Pourquoi
taire que l’approche est longue pour arriver au pied des voies de la face sud : depuis la Fétiuère, il vous faudra d’abord gagner les chalets d’Oche puis traverser le fond du vallon avant d’aborder la raide montée de la combe qui donne accès aux voies situées à quelques encablures du col de Planchamp d’Oche,
soit 1h30 sans trop lambiner mais d’une marche jamais désagréable. De plus, comment ignorer que le panel des escalades proposées n’est pas large : quelques voies d’une à deux longueurs. Noir tableau ! Et pourtant, les grimpeurs pour qui l’escalade n’est pas que gymnique y trouveront leur compte et sauront trouver à
ce secteur des mérites justifiant un tel déplacement. Tout d’abord, un rocher de qualité, au toucher agréable et à l’adhérence incontestable. Une collection de voies, certes encore bien maigre, mais des escalades de niveau abordable et bien équipées. Un ensoleillement plus que généreux, bien intéressant en inter-saison.
Des hordes de bouquetins dont l’indifférence frise presque la provocation, témoigneront qu’il s’agit bien de « hauts lieux » sans rapport avec les falaises des vallées. Et enfin et surtout, un cadre absolument magistral, avec une vue imprenable sur la face nord du Château d’Oche et avec pour toile de fond le
massif du mont Blanc. Tout ceci, chez le grimpeur montagnard, devrait décupler le plaisir d’être là haut et refouler les problèmes d’approche au rang de détails secondaires. Reste à trouver les volontaires à l’équipement, ce qui permettrait d’assurer au secteur un épanouissement mérité : et là, ce n’est pas gagné !
La genèse de la région Lémanique vue par Chablais Grimpe
Il y a à peine
deux cent cinquante millions d'années, Savoie et Suisse Romande n'étaient qu'un insignifiant rien du tout, situé sous l'équateur, couvert de forêts primitives et d'affreux reptiles, le tout perdu dans l'immense
supercontinent de Gondwana (composé de l'Afrique, l'Australie, l'Europe, l'Inde et l'Antarctique). Ailleurs, rien de plus sinon de l'eau et un autre supercontinent la Laurasie. Tout cet ensemble anarchique, branle, bou
ge, dérive, gondole, frissonne en surfant sur le
magma. Les deux continents, de plus en plus fous, finissent par rentrer en collision et une bonne partie de Gondwana s'affaisse, noyée dans le magma. L'eau, la mer prennent la place des terres pour quelques centaines de millions d'années. Les sédiments s'accumulent lentement sur les
fonds tandis que les terres immergées trépignent, palpitent furieusement. Partout, ça monte et ça redescend, ça s'engloutit pour ressurgir un peu plus loin et un peu plus haut pour et finalement s'engloutir de nouveau dans un infernal et incroyable chaos.
Et puis, il y a
vingt cinq millions d'années un phénoménal hoquet, une éructation titanesque, une explosion torride de millions de degrés pousse un pieu de granit et son chapeau de sédiments jusqu'à des altitudes de dix mille mètres, voire plus : ce sont les Alpes. Du même coup, l'eau est repoussée au loin, jusqu'à la... Méditerranée. Plus frénétique que jamais, la terre
et ses jeunes montagnes continuent d'onduler, de mijoter, de frémir, de bouger, de se distordre et inéluctablement , de couler, de déborder et dégouliner sur les bords jusqu'à former, nous y voici, les préalpes. Cependant, les couches superficielles restent fragiles et quelquefois ça s'effondre, ça se déchire jusqu'à former des dépressions gigantesques comme la cuvette du Léman et plus en amont la vallée du haut Rhône.

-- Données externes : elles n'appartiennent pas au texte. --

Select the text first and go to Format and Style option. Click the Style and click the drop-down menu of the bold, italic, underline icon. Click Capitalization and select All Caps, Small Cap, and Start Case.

Tout doucement, au quaternaire il y a
trois millions d'années, le climat tiédit, fraîchit, refroidit, jusqu'à devenir effroyablement glaciaire. Le glacier du Rhône, enfle, gonfle, se boursoufle, déborde, coule, et déboule la haute vallée du Rhône en envahissant tout sur son passage y compris le bassin lémanique. Dans un lent excès de vitesse il se fracasse contre le Jura, que, fainéant, il évite
par la gauche, et déboule jusqu'aux portes de Lyon tout en en déchiquetant au passage le Genevois. La glace est partout, sur des épaisseurs phénoménales. Pendant des millénaires, c'est une alternance de chaud et de froid, de débâcle et de glaciation, qui
moule notre monde jusqu'à ce que le cataclysme s'apaise et que la vie prenne petit à petit le dessus. Ce fut d'abord le royaume de la toundra, des loups et des mammouths. Enfin, l'homme apparut, certes, un peu primitif au début, mais à qui la rare intelligence permit de rapidement s'élever au rang de grimpeur.